L’ultima grande eruzione del Vesuvio è stata nel marzo del ’44, mentre il mondo era sconvolto da una minaccia ben più terribile e pericolosa, mentre viveva il dramma dell’Olocausto: qualcosa stava evidentemente già cambiando nel profondo del rapporto tra gli uomini e la natura.
Chissà come racconterebbe oggi questa storia il povero Leopardi? Il “villanello” non lavora più i campi e i vigneti, ma è al soldo della camorra e brucia dove i boss gli dicono di bruciare. E attorno a quelle terre bruciate gira un’economia, girano i soldi di chi vuole trasformarle in discariche o in aree edificabili, di chi deve progettare, di chi deve bonificare, di chi deve costruire, dei politici e dei tecnici che prenderanno delle tangenti su quei lavori, delle banche che faranno a tutti loro dei prestiti e che comunque custodiranno i loro illeciti guadagni. Chissà da quale banca, da quale consiglio di amministrazione, da quale lussuoso ufficio è partito l’ordine di bruciare quelle terre. Chissà quanti diventeranno ancora più ricchi vedendo quella nube innaturale che si leva dal Vesuvio.

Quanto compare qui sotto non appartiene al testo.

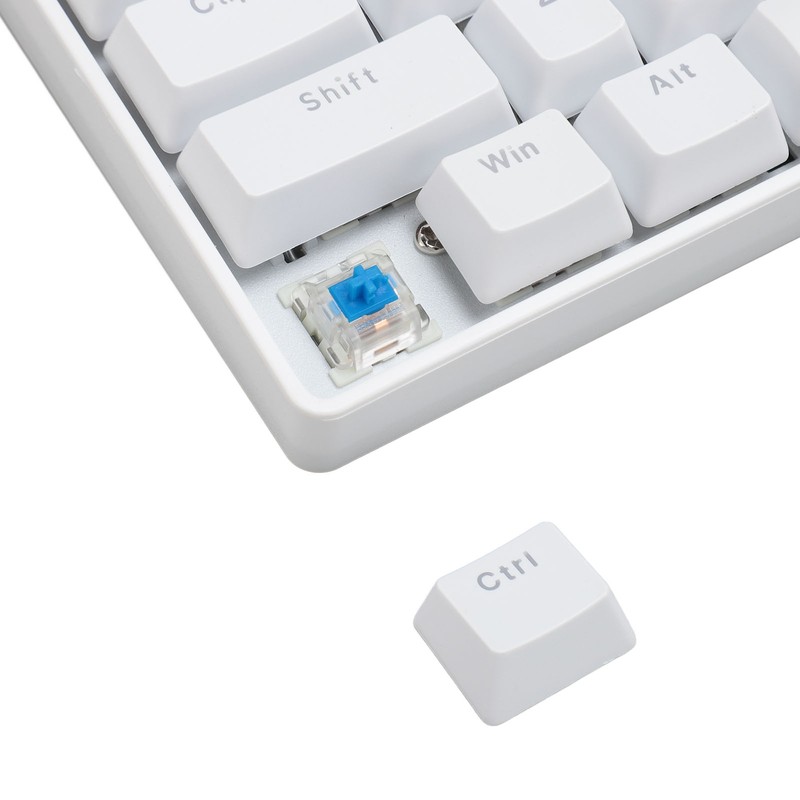 61 Keys Dual Mode Mechanical Keyboard RGB Backlight High Special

Non possiamo più permetterci di avere paura del vulcano, perché il vero pericolo viene dagli uomini, dalla loro avidità, dalla loro rapacità, dalla loro ferocia. E anche quando il Vesuvio si risveglierà – non se, ma quando, perché prima o poi si risveglierà – le donne e gli uomini moriranno non per la furia della natura compressa sottoterra, ma per colpa degli uomini che hanno costruito dove non avrebbero dovuto costruire, che vivono dove non dovrebbero vivere. Lo “sterminator Vesevo” è diventato una vittima e anche quando deciderà di vendicarsi la sua ira colpirà altre vittime, perché i responsabili sono ben lontani da lì; non possiamo neppure evocare l’ira della natura, perché i veri stupratori della natura sono al sicuro, mentre noi soffriamo insieme ad essa.